TBF both consoles are based on the RDNA2 core, so the PS5 still has an RDNA2 GPU. Xbox marketing was just pushing that the Series consoles have the full RDNA2 suite of features, which is true. However those features have to be implemented into game engines but this will take time. Not only that, but there are instances where support for these new features doesn’t make sense, so they will get ignored. 4A games already expressed that they won’t be using mesh shaders, or the geometry engine in the PS5, to the fullest extent because their geometry pipeline is already highly optimized using geometry shaders. They didn’t rule out experiementing with them in the future though, it all comes down to what makes sense for the project devs are working on. Other features like SFS are currently exclusive to Seres consoles, so in some ways it’s unlikely we’ll see that feature widely used since it’s only supported on two platforms. IMO the onus is on MS’s studios to showcase the benefits of these unique features and maybe that could help build adoption.

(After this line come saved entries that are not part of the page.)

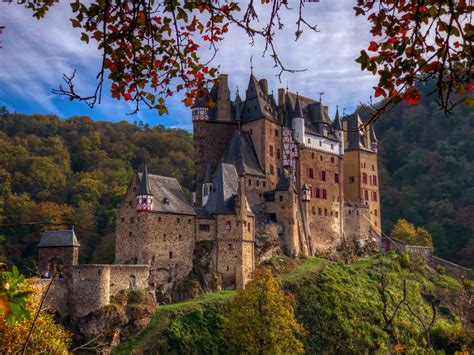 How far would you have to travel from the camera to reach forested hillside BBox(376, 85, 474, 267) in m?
75.4

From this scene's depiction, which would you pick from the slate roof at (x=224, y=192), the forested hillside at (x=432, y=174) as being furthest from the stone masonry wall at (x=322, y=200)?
the forested hillside at (x=432, y=174)

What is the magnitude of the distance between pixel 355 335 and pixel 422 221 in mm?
42584

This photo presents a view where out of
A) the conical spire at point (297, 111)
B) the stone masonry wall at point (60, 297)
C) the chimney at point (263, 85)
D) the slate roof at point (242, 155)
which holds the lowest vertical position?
the stone masonry wall at point (60, 297)

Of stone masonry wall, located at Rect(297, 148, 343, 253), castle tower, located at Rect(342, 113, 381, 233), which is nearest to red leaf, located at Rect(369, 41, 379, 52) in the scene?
stone masonry wall, located at Rect(297, 148, 343, 253)

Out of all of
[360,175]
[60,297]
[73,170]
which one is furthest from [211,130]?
[73,170]

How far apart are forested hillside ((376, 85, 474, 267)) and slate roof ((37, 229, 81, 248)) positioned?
141 feet

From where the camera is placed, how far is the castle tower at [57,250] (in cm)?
3722

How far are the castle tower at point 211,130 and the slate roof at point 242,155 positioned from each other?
3.46 feet

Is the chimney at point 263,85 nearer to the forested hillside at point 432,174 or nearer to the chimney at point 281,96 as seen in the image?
the chimney at point 281,96

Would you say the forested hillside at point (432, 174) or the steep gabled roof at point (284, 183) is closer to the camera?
the steep gabled roof at point (284, 183)

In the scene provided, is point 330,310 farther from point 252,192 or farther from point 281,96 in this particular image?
point 281,96

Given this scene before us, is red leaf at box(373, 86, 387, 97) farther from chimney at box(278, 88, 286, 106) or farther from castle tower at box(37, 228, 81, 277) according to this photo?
chimney at box(278, 88, 286, 106)

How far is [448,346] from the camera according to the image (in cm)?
4316

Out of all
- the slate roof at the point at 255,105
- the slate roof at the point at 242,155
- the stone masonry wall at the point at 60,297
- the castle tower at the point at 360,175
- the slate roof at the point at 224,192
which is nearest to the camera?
the stone masonry wall at the point at 60,297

With how complex game development is now, adopting new tech can be disruptive. So I think adoption will be slow and we may not see some features properly utilized until the tail end of the generation, if at all. When games now take 5 years to make, you have to be smart on where your engineering resources are going. Considering all the memory issues that seem to be surfacing with the Series S consoles, I hope SFS catches on at some point as that would be really beneficial for the console.
Some of their cards are better, it’s just that Nvidia also locked stuff to only their cards. DLSS is exclusive to Nvidia Hardware. FSR is on Nvidia cards. I know it hardware dependent with DLSS, but still shady of Nvidia to do as a market leader…
I honestly don’t think there is any meaningful AMD ‘tech’. FSR is an up scaling algorithm not all that different from what a number of companies were already doing independently.
They did catch up and even surpass. It’s just that Nvidia used their market share to bully AMD, like how PlayStation is using their market share to bully Xbox. It’s why AMD is doing the exclusive partnership. They tired of getting bully by Nvidia, same as how Xbox is tired of PlayStation. I don’t blame AMD.
I disagree. Nvidia price gouge it’s customer. Their history of shady business practice towards it’s consumer and rivals knows no bounds. They are the Sony Playstation of the GPU world.
I’m glad Xbox chose AMD CPU and GPU for Xbox series consoles. I hope in 2028 Xbox also choose AMD again for their console and not Nvidia.
Typically if Nvidia partners on a game, we usually still see other scaling techniques supported. Unfortunately when AMD partners with a game, we don’t usually see other scaling techniques supported. If it’s missing at launch, I hope we don’t need to wait too long to see it added.